Exercise materials START

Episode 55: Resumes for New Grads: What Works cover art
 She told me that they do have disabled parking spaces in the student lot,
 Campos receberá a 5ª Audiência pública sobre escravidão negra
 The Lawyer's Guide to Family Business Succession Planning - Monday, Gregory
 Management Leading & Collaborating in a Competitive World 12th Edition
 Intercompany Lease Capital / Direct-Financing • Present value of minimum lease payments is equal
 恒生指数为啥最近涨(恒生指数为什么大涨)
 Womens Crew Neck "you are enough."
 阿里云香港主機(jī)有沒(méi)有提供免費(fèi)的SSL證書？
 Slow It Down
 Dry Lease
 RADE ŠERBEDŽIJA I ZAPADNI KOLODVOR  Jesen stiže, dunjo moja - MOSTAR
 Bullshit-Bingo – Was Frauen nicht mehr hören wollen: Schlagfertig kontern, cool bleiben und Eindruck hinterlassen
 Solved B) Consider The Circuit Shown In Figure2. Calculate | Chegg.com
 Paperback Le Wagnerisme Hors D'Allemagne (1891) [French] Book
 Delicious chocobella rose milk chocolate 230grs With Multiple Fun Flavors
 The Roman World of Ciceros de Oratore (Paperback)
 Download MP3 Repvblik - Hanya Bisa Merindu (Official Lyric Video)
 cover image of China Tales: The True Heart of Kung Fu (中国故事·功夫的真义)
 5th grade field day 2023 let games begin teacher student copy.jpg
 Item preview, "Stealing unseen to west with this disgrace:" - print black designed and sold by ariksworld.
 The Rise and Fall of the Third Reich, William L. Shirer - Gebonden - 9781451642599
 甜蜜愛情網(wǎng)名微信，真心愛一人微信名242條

Exercise materials END

What you should do:
Considering only the material above, set down every line from the one with "Campos receberá a" to the one with "sold by ariksworld.", inclusive, exactly as written.

Expected output:
 Campos receberá a 5ª Audiência pública sobre escravidão negra
 The Lawyer's Guide to Family Business Succession Planning - Monday, Gregory
 Management Leading & Collaborating in a Competitive World 12th Edition
 Intercompany Lease Capital / Direct-Financing • Present value of minimum lease payments is equal
 恒生指数为啥最近涨(恒生指数为什么大涨)
 Womens Crew Neck "you are enough."
 阿里云香港主機(jī)有沒(méi)有提供免費(fèi)的SSL證書？
 Slow It Down
 Dry Lease
 RADE ŠERBEDŽIJA I ZAPADNI KOLODVOR  Jesen stiže, dunjo moja - MOSTAR
 Bullshit-Bingo – Was Frauen nicht mehr hören wollen: Schlagfertig kontern, cool bleiben und Eindruck hinterlassen
 Solved B) Consider The Circuit Shown In Figure2. Calculate | Chegg.com
 Paperback Le Wagnerisme Hors D'Allemagne (1891) [French] Book
 Delicious chocobella rose milk chocolate 230grs With Multiple Fun Flavors
 The Roman World of Ciceros de Oratore (Paperback)
 Download MP3 Repvblik - Hanya Bisa Merindu (Official Lyric Video)
 cover image of China Tales: The True Heart of Kung Fu (中国故事·功夫的真义)
 5th grade field day 2023 let games begin teacher student copy.jpg
 Item preview, "Stealing unseen to west with this disgrace:" - print black designed and sold by ariksworld.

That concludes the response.